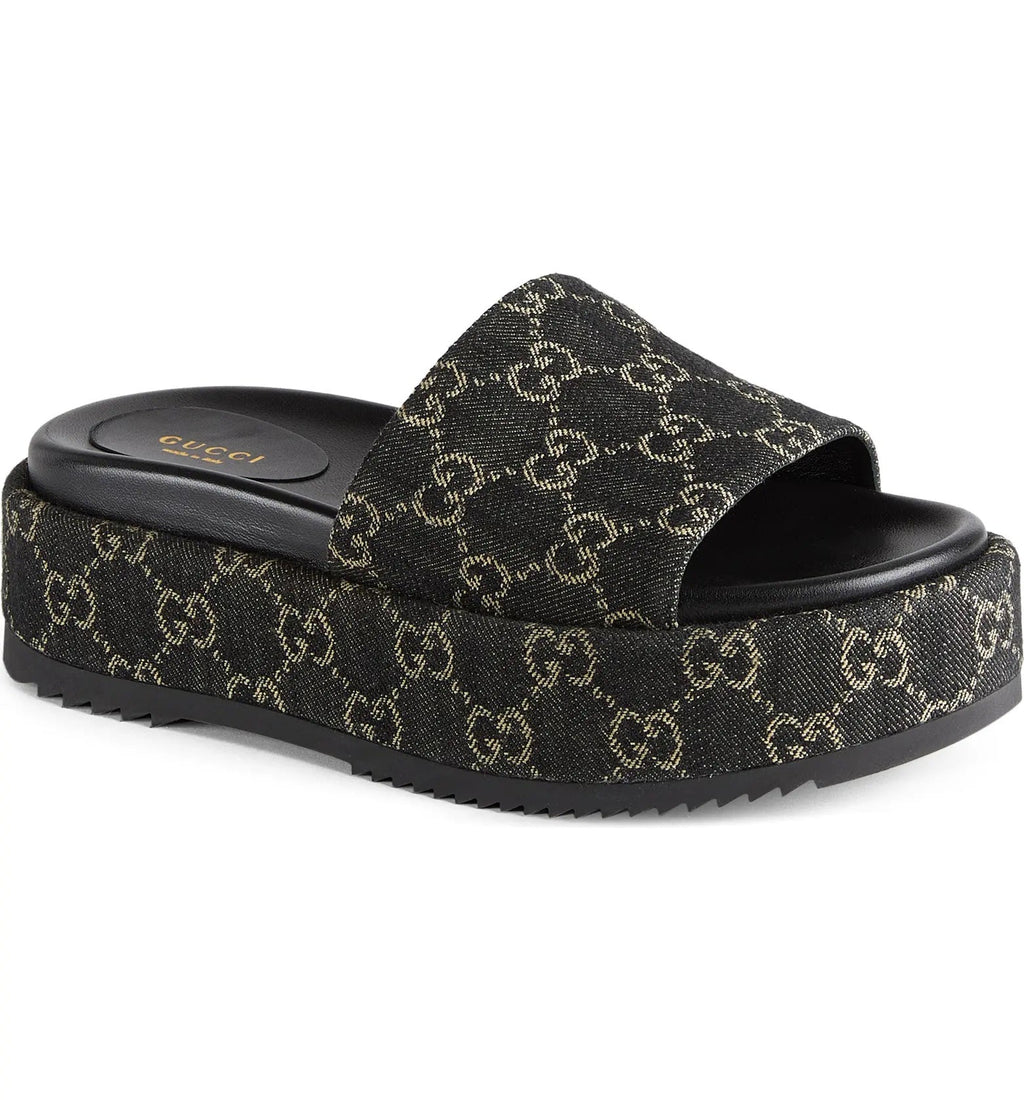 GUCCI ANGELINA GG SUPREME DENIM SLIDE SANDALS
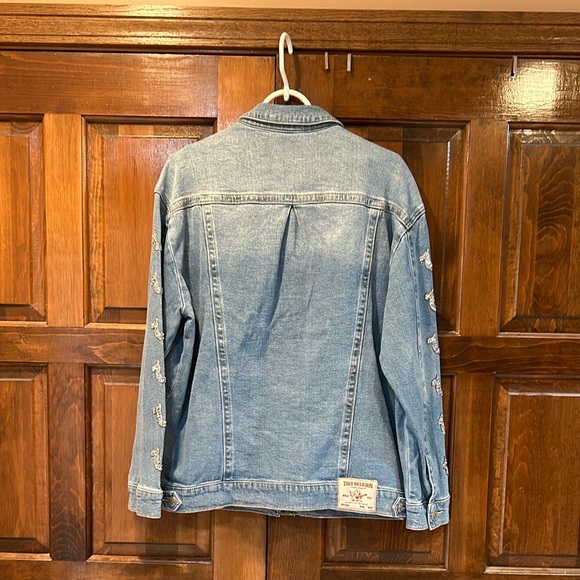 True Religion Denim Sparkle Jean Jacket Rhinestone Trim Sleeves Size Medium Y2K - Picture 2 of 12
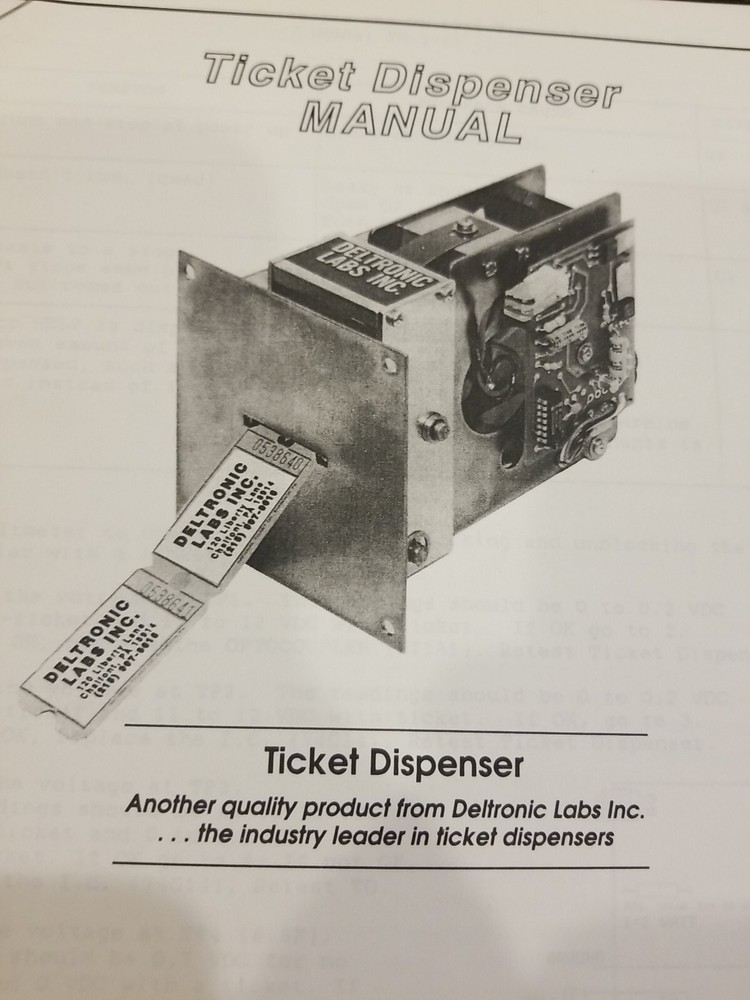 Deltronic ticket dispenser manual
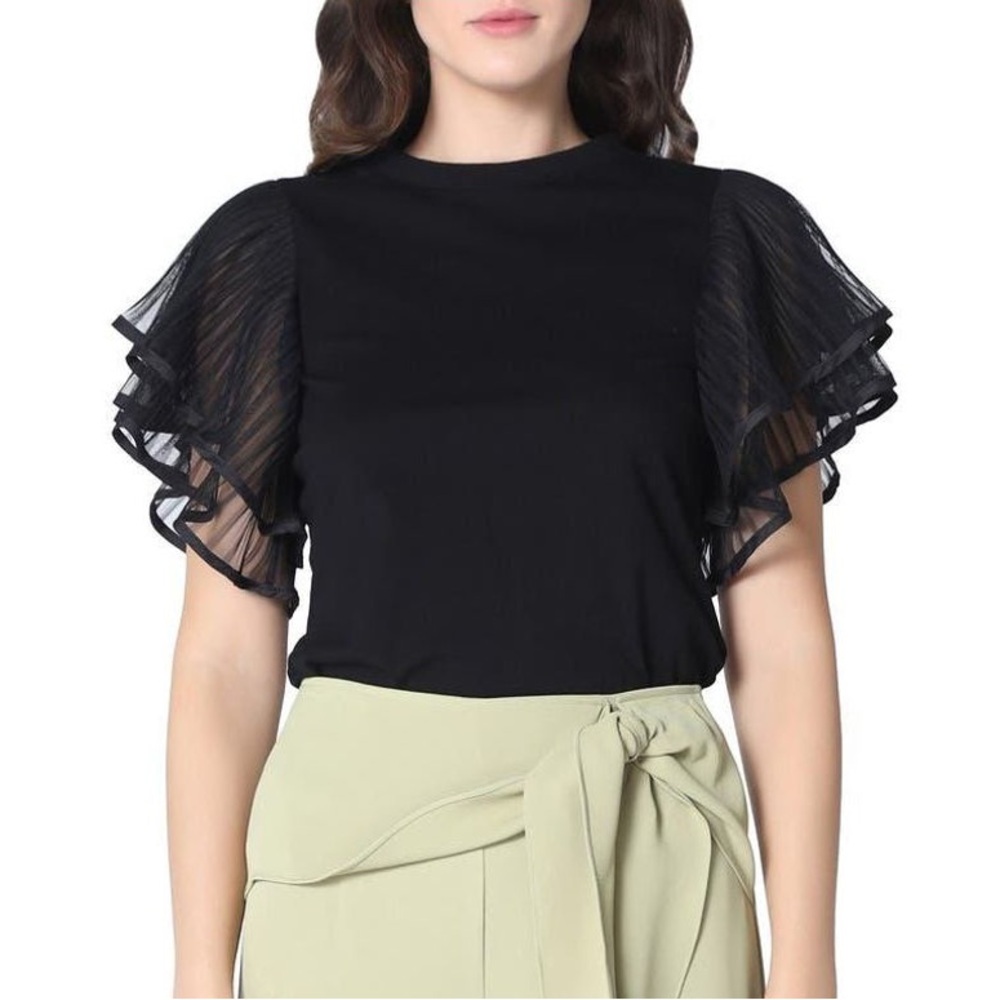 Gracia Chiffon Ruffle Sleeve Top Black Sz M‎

## TASK TO CARRY OUT
Exactly the lines from the line with "True Religion Denim" through the last line of the listing, both included, should be extracted, and the pictures left behind.

## REPLY TO THE TASK
 True Religion Denim Sparkle Jean Jacket Rhinestone Trim Sleeves Size Medium Y2K - Picture 2 of 12
 Deltronic ticket dispenser manual
 Gracia Chiffon Ruffle Sleeve Top Black Sz M‎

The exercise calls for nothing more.